The research found that:

Tobacco companies use Corporate Social Responsibility (CSR) Programmes and Better Regulation tools politically to further their interests with policymakers and shape health policy.

CSR programmes as political strategy:

  • Tobacco companies have used CSR programmes and initiatives to secure access to policymakers and frame discussions with them; increasing the company’s capacity to influence policy making
  • They have linked their CSR activities to salient social and environmental values to strengthen arguments for voluntary modes of regulation

Better regulation agendas as political strategy

  • Tobacco companies have successfully changed the underlying framework through which all major EU policies are assessed, thus helping to formally embed tobacco industry participation in EU policymaking
  • The purpose behind their efforts to integrate stakeholder consultation and economic impact assessment procedures into EU decision-making was to delay, weaken and prevent legislation aimed at promoting public health

Policy implications and message to policymakers

The research underlines the importance of treating corporate managers’ public comments on CSR and Better Regulation critically. Specifically, the research highlights the need for policymakers to be aware of the underlying political motivations (intended aims and objectives) for corporate managers’ engagement with apparently benign industry initiatives. Furthermore, officials need to be alert to the subtle ways in which CSR programmes, and industry contributions to IAs and stakeholder consultations, can subvert public health policy.

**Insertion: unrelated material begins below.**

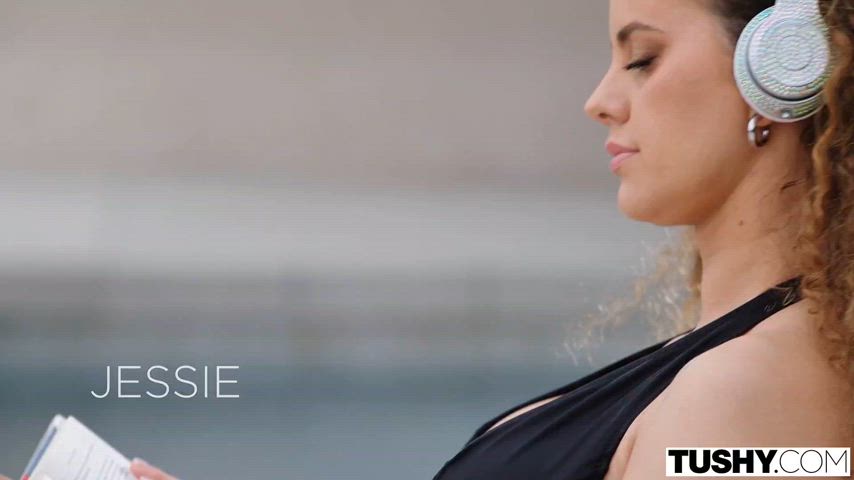 Jessie Rogers - Curvy Beauty Has Intense Anal With Boss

The research further underlines the importance of enhancing transparency in governance processes, and highlights the importance of strict implementation of Article 5.3 of the World Health Organization Framework Convention on Tobacco Control. The Guidelines for Implementation issued pursuant to the Article encourage Parties to introduce a range of measures aimed at limiting tobacco company access to policymaking, and increasing surveillance of tobacco industry efforts to exploit their information advantage and influence policy. Policymakers in both the UK and EU need to consider extending existing requirements aimed at improving the transparency of industry-government interactions.

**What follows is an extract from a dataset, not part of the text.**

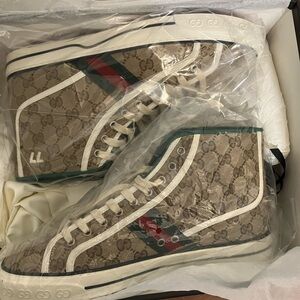 Gucci size 10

Following a series of litigation cases in the US, leading tobacco companies (including BAT) were required to make internal documents publicly available. For both case studies an iterative approach to searching these documents was adopted. Initial searches used broad terms (such as ‘social reporting’ or ‘CSR’, ‘Better Regulation’ or ‘impact assessment’), which were then refined by more specific terms. For both cases the searches returned a vast number of relevant documents - over 700 on each topic - which were reviewed and thematically coded by an experienced qualitative research team.  Documentary analysis was contextualised and enriched by a small number of in-depth interviews with relevant individuals in the policy fields.